这不是要将沈家的事丢在众人面前,由着他们议论吗?
这实在不像夫人的作风。
以往夫人是最重脸面的,不论什么时候都不曾将梁府的脸面丢在外头,有着旁人踩。
可清茶很快又想到了二夫人当初轻信旁人,落下那么大亏空来求夫人时的情形。
当着那么多族人的面夫人可都没松口,显然一点也不在乎侯府的脸面。
那现在不在乎沈家的脸面,好像也不是不能接受。
“这阵子沈家的桂花开的很好,便给各府的夫人小姐下张帖子,请她们过府一叙。”
沈归题已经想好了新的对策,白天将帖子送出去,晚上就同沈太保说了要办宴会的事。
“爹,咱们沈家自我出嫁后就再也没办过像样的赏花会了。刚好趁着我这阵子在家办个桂花宴,也好让宋嬷嬷知道往后这些宴会该如何操持。我也能趁着这次机会带着宋嬷嬷见一见京城中的夫人小姐,日后在宴席上碰见了也能寒暄几句。”
沈归题字字句句都是在为沈家打算,每一个字都没说沈家的脸面,但字字句句都是说沈家的脸面。
她希冀的目光将宋德兰和杨丽霞上上下下打量了个遍。
“宋嬷嬷明天带着丽霞妹妹去趟汝阳绣坊,我让绣娘给你们做身儿参加桂花宴的衣裳,也算是第一次带你们在京城夫人圈子里露个脸。
等往后你嫁入沈家和夫人交际时也能有话说。”
沈归题的目光最后落在脸颊微红的杨丽霞身上,“丽霞妹妹也快到了说亲的年纪,宋嬷嬷在夫人间有脸面她也能嫁的好些不是?”

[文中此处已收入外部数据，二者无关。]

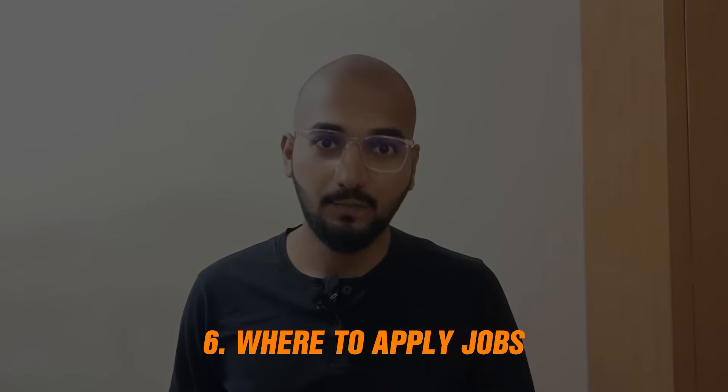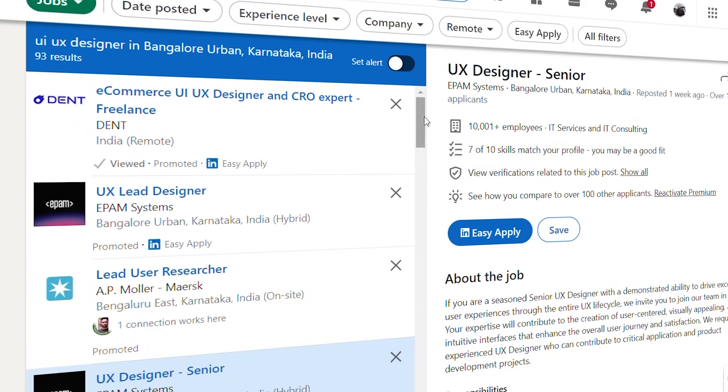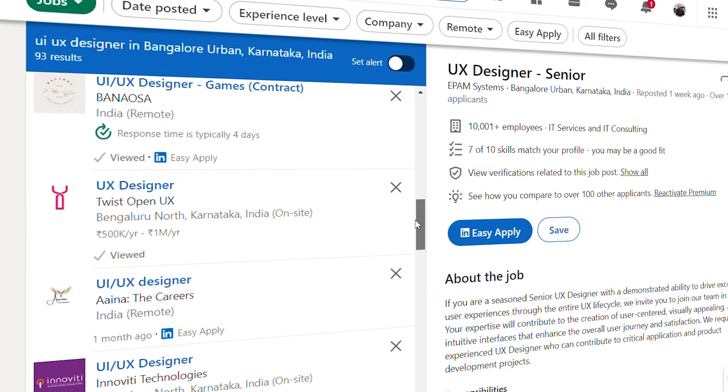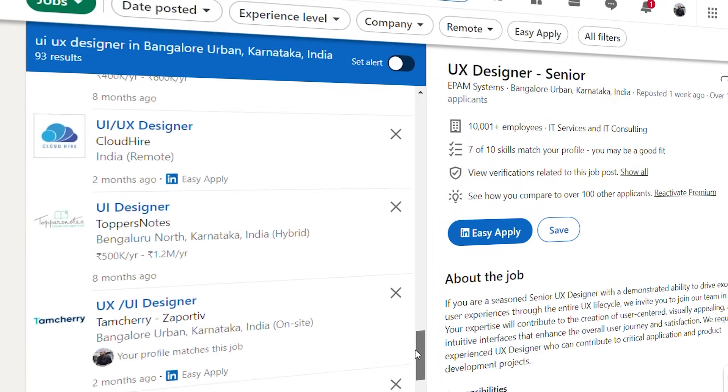Number 6: Where to apply for jobs. Once you have everything ready, you can start applying for jobs on platforms like LinkedIn, Naukri, Indeed, Glassdoor, etc. Work on a strong, proper resume. Study different job guidelines and listings. The salary may vary but your skill level is what matters most.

宋德兰心里惴惴不安,总觉得事情没这么简单,可怎么也说不出拒绝的话来。
对方把台阶铺的这样足,理由给的这般冠冕堂皇。她若是拒绝,打的不仅仅是沈归题的脸,更是将沈太保的脸也一并打了。
况且…她眼角的余光瞥见女儿期待的眼神,到底是把心一横,应了下来。
宋德兰笑着拉女儿福了福身。
“多谢大小姐体恤,我一定好好学,绝不会给沈家丢脸。至于丽霞的婚事,若是大小姐有时间也可帮着物色物色。我对京城的事不熟,也不知该为女儿选个怎样的夫婿。”
沈太保一手摸着茶杯,一手捋着胡须,笑的十分慈祥。这般母慈子孝的和美场面,他有多少年不曾见过了?
原以为自己嫁了女儿,便要守着这个空宅子孤独终老,却没想到人过半百,还能有这般其乐融融的好时光。
当真是上天眷顾。
“既如此,那便由着题儿安排吧。咱们沈家也趁着这次机会好好热闹热闹。”
他这个年纪已经不求在官场上拥有更大的权势,但自家人混在京城的夫人圈子里,对彼此也是一种保障。
沈家因为女主人的缺席在京城贵妇圈子离消息闭塞了许多年,中间好不容易因为女儿长大有所改善,却又在女儿出嫁后戛然而止。
这些事确实应该有人补上。
宋德兰的身份虽然不显,但只要嫁进来做了沈家夫人,别人看在沈太保和侯府的脸面上,总要给她一两分薄面。
沈太保如是想着,脸上的笑容也越发真切。
“题儿,你当真是长大了,为父当年教你的那些,你都学的很好。如今你和侯爷也有了硕硕,皇后便守着夫君和儿子好好过日子,不必再念着过往。”
他想让女儿往前看,沈家只要他还在,女儿和外孙在侯府的地位就不可动摇。
沈归题会心一笑,算是答应下来。
父女二人又聊了一会,沈归题便借口困倦,匆匆告退。
走到回廊时,沈归题还能听见房间里爹爹时不时传出来的笑声。
她回身看见宋德兰母女围在他身边小声说着些什么,脸上都带着讨好的笑容。
清茶抿了抿唇,到底没有开口安慰。